The code is some 100 lines long. The input .zip is processed by iterating over the containing XML files:


zipFile.entries().each { entry ->
   if (!entry.isDirectory()) {
     println entry.name

     inputStream = zipFile.getInputStream(entry)
     def rootNode = new XmlSlurper().parse(inputStream)
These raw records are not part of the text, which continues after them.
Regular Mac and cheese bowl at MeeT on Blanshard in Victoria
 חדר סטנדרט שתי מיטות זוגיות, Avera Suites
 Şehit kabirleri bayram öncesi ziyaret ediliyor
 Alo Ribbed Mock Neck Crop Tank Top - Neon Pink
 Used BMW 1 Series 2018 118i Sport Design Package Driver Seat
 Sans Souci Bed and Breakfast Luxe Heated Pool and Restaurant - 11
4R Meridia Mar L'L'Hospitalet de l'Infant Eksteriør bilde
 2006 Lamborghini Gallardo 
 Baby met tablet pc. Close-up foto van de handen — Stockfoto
     String rootid = rootNode.accession.toString()
  }
}


For each file it creates an entry in the BridgeDB data:


  Xref ref = new Xref(rootid, BioDataSource.HMDB);
  error = database.addGene(ref);

  // add the synonyms
  addAttribute(
    database, ref, "Symbol",
    rootNode.common_name.toString()
  );
  addAttribute(
    database, ref, "Synonym",
    rootNode.traditional_iupac.toString()
  );
  addAttribute(
    database, ref, "Synonym",
    rootNode.iupac_name.toString()
  );

  // add the SMILES, InChIKey, etc
  addAttribute(
    database, ref, "InChIKey",
    cleanKey(rootNode.inchkey.toString())
   );
  addAttribute(
    database, ref, "SMILES",
    rootNode.smiles.toString()
  );
  addAttribute(
    database, ref, "BrutoFormula",
    rootNode.chemical_formula.toString()
  );
  addAttribute(
    database, ref, "Taxonomy Parent",
    rootNode.direct_parent.toString()
  );


These are some basic properties, and adding the mappings looks like:


  // add external identifiers
  addXRef(
    database, ref,
    rootNode.accession.toString(), BioDataSource.HMDB
  );
  addXRef(
    database, ref, 
    rootNode.cas_registry_number.toString(), casDS
  );
  addXRef(
    database, ref, 
    rootNode.inchi.toString(), inchiDS
  );
  addXRef(
    database, ref, 
    rootNode.chemspider_id.toString(), chemspiderDS
  );
  addXRef(
    database, ref, 
    rootNode.pubchem_compound_id.toString(), pubchemDS
  );
  addXRef(
    database, ref, 
    rootNode.chebi_id.toString(), chebiDS
  );
  addXRef(
    database, ref, 
    rootNode.kegg_id.toString(), keggDS
  );
  addXRef(
    database, ref, 
    rootNode.wikipedia.toString(), wikipediaDS
  );
  addXRef( 
    database, ref, 
    rootNode.drugbank_id.toString(), drugbankDS
  );
  addXRef(
    database, ref, 
    rootNode.nugowiki.toString(), nugoDS
  );


You can thus see that this new metabolites identity mapping file has mappings to various data sources, including ChemSpider, PubChem, ChEBI, KEGG, Wikipedia, DrugBank, and a few others. All these mappings are provided by HMDB 3.0.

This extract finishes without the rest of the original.